Não; não se pode comparar a situação do escravo transplantado da África para uma vida de sofrimento no Brasil com a do jogador exportado para uma vida de riqueza no exterior. Exceto por três fatores – um, que se trata igualmente de comércio em que a mercadoria são pessoas; dois, que na maior parte das vezes envolve gente de pele escura; e três, que para essa gente/mercadoria o lado de lá da linha significa o desterro. Adriano transferiu-se para a Itália aos 19 anos. Foi disparado, sem escala para aclimatação, da Vila Cruzeiro a Milão. À penúria da favela seguiu-se a era das mansões, das mulheres e dos carrões. O preço a pagar foi o de ter desembarcado num mundo de língua, hábitos e referências novas – tanto mais atordoantes para quem tem formação deficiente e estrutura psicológica frágil. Seu caso chama atenção para o lado obscuro do sucesso dos artistas da bola.
A segunda questão suscitada pela entrevista de Adriano, sobre seu refúgio na Vila Cruzeiro, serve como involuntária contribuição a um debate hoje na ordem do dia no Rio – o da expansão das favelas. O governo estadual projeta construir muros para proteger áreas verdes do avanço das construções. A moda do muro, que viceja da Cisjordânia à fronteira EUA-México, chega ao morro carioca como símbolo de uma rendição: desiste-se da urbanização, da fiscalização e outras providências que exigem seriedade de propósitos e continuidade administrativa em favor de um golpe de tijolo e cal. A contribuição de Adriano ao debate é apontar uma razão pouco citada para a expansão das favelas: o fato de muita gente gostar de morar nelas. De o apego à favela, numa multidão de brasileiros, ser um traço cultural.

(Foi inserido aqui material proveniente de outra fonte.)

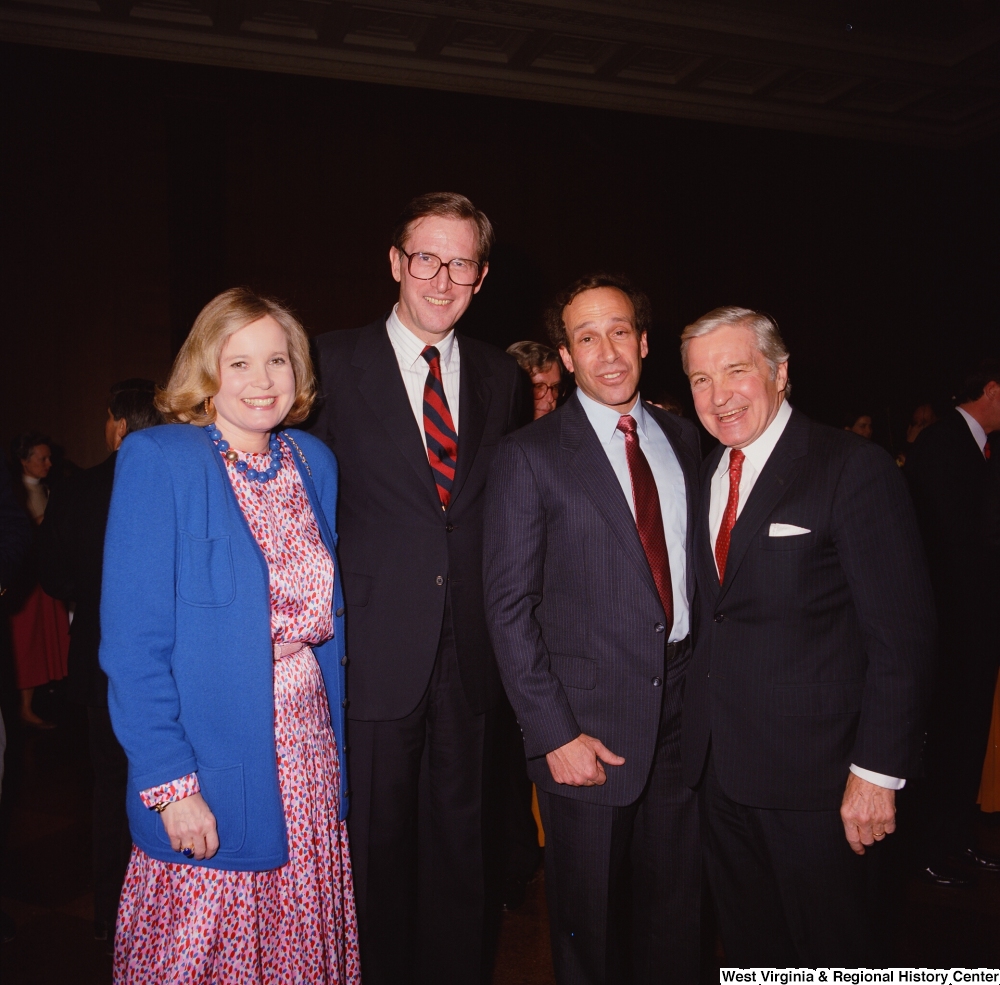 ["Senator John D. (Jay) Rockefeller and Sharon Rockefeller stand with two staff members during a banquet at the Senate."]%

Aos que só observam a favela de longe, como a um planeta distante, parece inconcebível que alguém possa preferir a Vila Cruzeiro a Milão. Adriano, que estaria construindo uma casa na favela, é a mais ilustre evidência em contrário. Ele é fruto daquele ambiente meio aldeia e meio cidade, meio roça e meio bairro de subúrbio, em que o costume é morar todo mundo grudado, partilhar fortemente sua vida, andar pelas vielas de chinelos e bermudas, aceitar o convívio com o tráfico como no asfalto se aceita conviver com o delinquente de colarinho-branco – e não troca isso "por nada e por ninguém", como diz no filme dos holandeses. Os verdadeiros paraísos são os paraísos perdidos, escreveu Marcel Proust. O paraíso que Adriano perdeu, ao se lançar mundo afora, é a Vila Cruzeiro. A favela em que alguém cresceu não tem menor valor, em sua memória afetiva, do que o palácio em que cresceu o príncipe. É o lugar em que sentiu os primeiros cheiros e ouviu os primeiros sons. Na hora em que a mente se perturba, corre-se para lá, na busca de segurança e de aconchego, como quem corre, em desespero, em busca da pátria.